The Travelers have resumed their journey in the Prologue.  Kenji will be included before the weekend is over.

[sblock=OnlytheStrong]Sen was trained in the mountain town of Kaiu Pass.  Two rivers join and one flows out south into the valley.  On the northern (mountain-side) part of town is an ancient stone-walled labyrinth that is the home to bandits, beggars, and some say restless spirits.  The vast expanse goes on for a while, and even continues underground.  You were quite familiar a section towards the city, using it as a hideout or training ground occasionally, as you and your mentor had cover identities in town.  If it ever becomes relevant, I'd be happy to provide you with a map of the parts that Sen would be familiar with.

I'd like to start a short Ninja's Prologue that would bring you as a shadow behind the group in the other Prologue when it is appropriate.  It would just be more interesting to have you interact with things on your travels rather than just tell it to you.  You can still post in the IC once I bring you in, even if you're not technically 'caught up' in the Prologues.

My idea is that you will trail them for a few days, but you notice that the beguiler might be onto you.   You would then try and get ahead of them on the road so that if they encounter you, they won't suspect you as the shadow.  At this time, the storm hits, and you seek out shelter before meeting the travelers.[/sblock]Any thoughts?

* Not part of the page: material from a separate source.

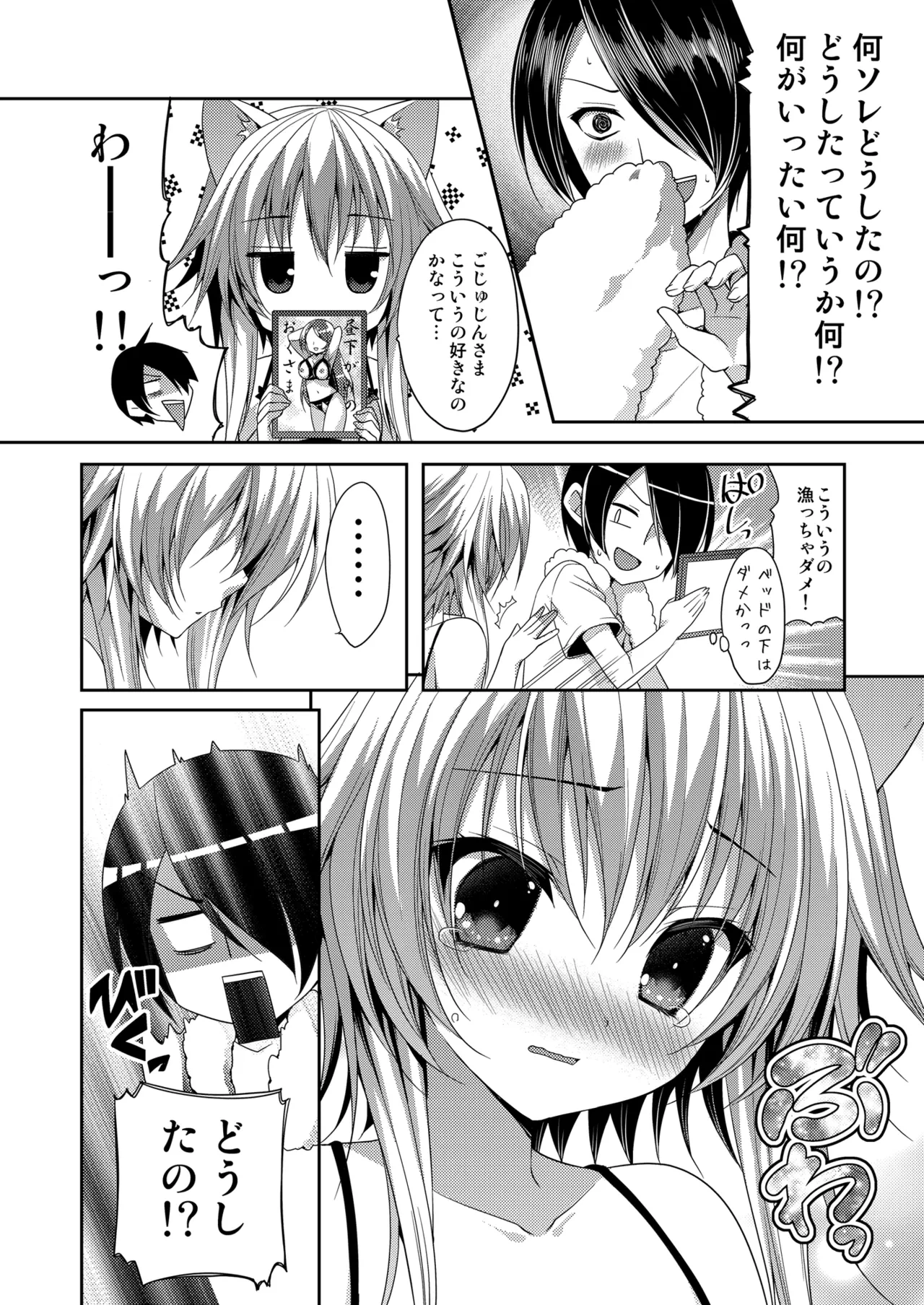 หน้า 4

Also, bento: do you have any input on your PC's interaction with the background of Kerim?


----------



## OnlytheStrong (Dec 14, 2007)

Both of those sound fun. Surprise me! (not too surprised, just enough to let me walk away from it)


----------



## mfrench (Dec 16, 2007)

Sen can begin here, which ought to be suitably dramatic enough.


----------



## mfrench (Dec 16, 2007)

*The Hills*

Lorthanoth: Going deep into the hills is avoided by most sensible people.  They are the home to bandits and wilderness roughs - goliaths and shifters sometimes cause trouble for 'civilized' folk.  The hills themselves are sometimes used as burial grounds from long ago -- this tor is likely one of them, which could explain the stone warding off evil spirits.

From your Knowledge: History check, this particular area was the ancestral homeland for goliaths.  Whatever political organization their people had was lost when the Imperial armies came over the mountains and settled this land.


----------



## mfrench (Dec 16, 2007)

Oh, and I'll try not to ask your PCs too many questions to which I'm sure that the player's don't know the answer.  Or at least I'll put some info here at OOC for you if I do!


----------



## mfrench (Dec 16, 2007)

This is just for me to reference the different color options, unless someone knows of a more comprehensive list somewhere.[sblock=colors] aqua
 royalblue
 teal
 blue
 brown
 **ruby
 green
 red
 darkred
 magenta
 purple
 pink
 yellow
 orange[/sblock]


----------



## mfrench (Dec 17, 2007)

I was planning on bringing in Kerim and Otaru to the IC thread, but bento has not showed up for a month now.  I will go ahead and bring them in, and if he doesn't respond, I'll NPC him or phase out his PC.  So GlassEye, you should be prepared either Monday or Tuesday.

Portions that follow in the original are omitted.